Researchers reveal novel mechanism that links interferon activation and α-synuclein function in neurons

There are no disease-modifying therapies for Parkinson’s disease that can alter the course of the disease. The University of Colorado Anschutz Medical Campus faculty is leading a group of scientists from around the world who are working to change that.

Researchers reveal novel mechanism that links interferon activation and α-synuclein function in neurons

Image Credit: University of Colorado Anschutz Medical Campus.

The researchers published their findings in the journal Brain which takes researchers one step closer to realizing α-synuclein (αSyn), a crucial protein that they identified links inflammation and Parkinson’s disease.

Neurodegenerative diseases like Parkinson’s disease and dementia with Lewy bodies are linked to the protein αSyn, which is mainly expressed in neurons. This new study points to a novel mechanism as a potential precursor to Parkinson’s disease that connects interferon activation and αSyn function in neurons.

It’s critical to understand further the triggers that contribute to the development of Parkinson’s disease and how inflammation may interact with proteins found in the disease. With this information, we could potentially provide new approaches for treatments by altering or interfering with these inflammatory pathways that may act as a trigger for the disease.”

David Beckham MD, Associate Professor, Department of Infectious Disease, University of Colorado School of Medicine, CU Anschutz Medical Campus

Link could play role in PD development

The investigators challenged αSyn knock-out (KO) mice and human αSyn KO dopaminergic neurons with RNA virus infection to assess the mechanism of αSyn-induced immune responses to viral infections in the brain.

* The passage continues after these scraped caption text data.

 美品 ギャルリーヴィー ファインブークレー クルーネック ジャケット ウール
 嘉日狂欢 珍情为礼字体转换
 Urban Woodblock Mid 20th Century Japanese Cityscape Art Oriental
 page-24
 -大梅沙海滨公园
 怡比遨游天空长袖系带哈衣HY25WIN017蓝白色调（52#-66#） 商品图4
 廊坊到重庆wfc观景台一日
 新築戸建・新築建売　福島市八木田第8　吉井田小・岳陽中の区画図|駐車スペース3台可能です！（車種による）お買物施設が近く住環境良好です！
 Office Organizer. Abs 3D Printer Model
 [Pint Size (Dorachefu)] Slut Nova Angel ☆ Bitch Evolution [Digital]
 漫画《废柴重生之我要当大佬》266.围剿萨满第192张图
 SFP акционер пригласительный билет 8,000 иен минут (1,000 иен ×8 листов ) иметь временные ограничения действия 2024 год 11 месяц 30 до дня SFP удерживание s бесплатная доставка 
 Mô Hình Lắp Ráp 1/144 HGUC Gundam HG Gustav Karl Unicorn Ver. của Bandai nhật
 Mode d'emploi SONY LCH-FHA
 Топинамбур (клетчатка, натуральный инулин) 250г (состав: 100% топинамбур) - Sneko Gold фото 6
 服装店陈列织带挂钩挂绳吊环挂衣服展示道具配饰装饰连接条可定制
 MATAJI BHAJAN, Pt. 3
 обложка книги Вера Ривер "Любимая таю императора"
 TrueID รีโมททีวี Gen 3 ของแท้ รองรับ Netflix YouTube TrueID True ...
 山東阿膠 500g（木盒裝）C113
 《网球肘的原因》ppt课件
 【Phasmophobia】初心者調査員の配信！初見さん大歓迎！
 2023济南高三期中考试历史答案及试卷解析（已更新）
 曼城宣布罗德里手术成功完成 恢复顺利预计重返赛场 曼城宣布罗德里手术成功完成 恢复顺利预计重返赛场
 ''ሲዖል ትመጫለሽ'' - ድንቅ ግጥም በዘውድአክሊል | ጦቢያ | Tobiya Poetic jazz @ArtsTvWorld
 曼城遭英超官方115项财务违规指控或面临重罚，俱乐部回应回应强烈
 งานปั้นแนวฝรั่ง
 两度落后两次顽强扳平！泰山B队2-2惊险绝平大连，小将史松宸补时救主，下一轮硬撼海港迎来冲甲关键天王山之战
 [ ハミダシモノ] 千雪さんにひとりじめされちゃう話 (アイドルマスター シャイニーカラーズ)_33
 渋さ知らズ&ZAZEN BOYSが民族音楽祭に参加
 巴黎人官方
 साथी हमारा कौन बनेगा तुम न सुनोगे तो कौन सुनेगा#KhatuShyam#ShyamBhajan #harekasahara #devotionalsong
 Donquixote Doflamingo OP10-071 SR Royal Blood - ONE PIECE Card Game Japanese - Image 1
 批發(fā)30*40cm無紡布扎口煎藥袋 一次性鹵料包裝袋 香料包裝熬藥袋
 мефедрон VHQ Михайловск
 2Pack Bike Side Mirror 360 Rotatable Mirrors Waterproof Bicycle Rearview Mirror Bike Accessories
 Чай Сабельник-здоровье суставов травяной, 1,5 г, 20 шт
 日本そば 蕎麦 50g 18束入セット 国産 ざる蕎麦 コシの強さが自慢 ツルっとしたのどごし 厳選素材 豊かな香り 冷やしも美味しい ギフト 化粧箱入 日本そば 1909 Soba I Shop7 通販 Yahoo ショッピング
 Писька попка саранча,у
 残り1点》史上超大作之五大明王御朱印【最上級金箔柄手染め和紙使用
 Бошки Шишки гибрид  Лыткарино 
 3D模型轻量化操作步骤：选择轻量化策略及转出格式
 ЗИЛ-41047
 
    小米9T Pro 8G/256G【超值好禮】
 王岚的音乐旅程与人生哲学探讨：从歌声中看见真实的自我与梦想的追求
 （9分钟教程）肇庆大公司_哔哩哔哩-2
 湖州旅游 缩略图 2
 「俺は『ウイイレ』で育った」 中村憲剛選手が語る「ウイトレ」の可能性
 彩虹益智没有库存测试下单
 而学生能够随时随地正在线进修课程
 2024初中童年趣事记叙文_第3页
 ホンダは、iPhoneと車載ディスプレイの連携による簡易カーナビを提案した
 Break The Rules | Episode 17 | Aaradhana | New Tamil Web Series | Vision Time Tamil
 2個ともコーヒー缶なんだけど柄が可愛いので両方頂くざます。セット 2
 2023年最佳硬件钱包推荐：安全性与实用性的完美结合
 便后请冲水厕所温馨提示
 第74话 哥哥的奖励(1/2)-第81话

They found that αSyn is essential for the neuronal expression of interferon-stimulated genes (ISGs). They then discovered that αSyn interacts with signaling proteins in neurons to induce expression of ISGs in response to any stimulus that induces interferon signals, a type of immune response.

Inflammation and αSyn, a protein closely linked to the onset of Parkinson’s disease, are now clearly linked for the first time by this research.

The data, according to the authors, confirms that αSyn reacts to inflammatory and infectious pathways, and it raises the possibility that this interaction may be crucial for the onset of Parkinson’s disease. The next critical step is to ascertain whether interactions between αSyn and interferon cause the toxic forms of misfolded αSyn known as fibrils to form, which have been linked to Parkinson’s disease.

Future research, according to the researchers, is required to examine the interactions between type 1 interferon signals in neurons and misfolded αSyn to ascertain whether medications that block these interactions can stop the development of misfolded αSyn. A potential disease-modifying therapeutic strategy would emerge as a result, which patients would require.

Journal reference:

Monogue, B., et al. (2022) Alpha-synuclein supports type 1 interferon signalling in neurons and brain tissue. Brain.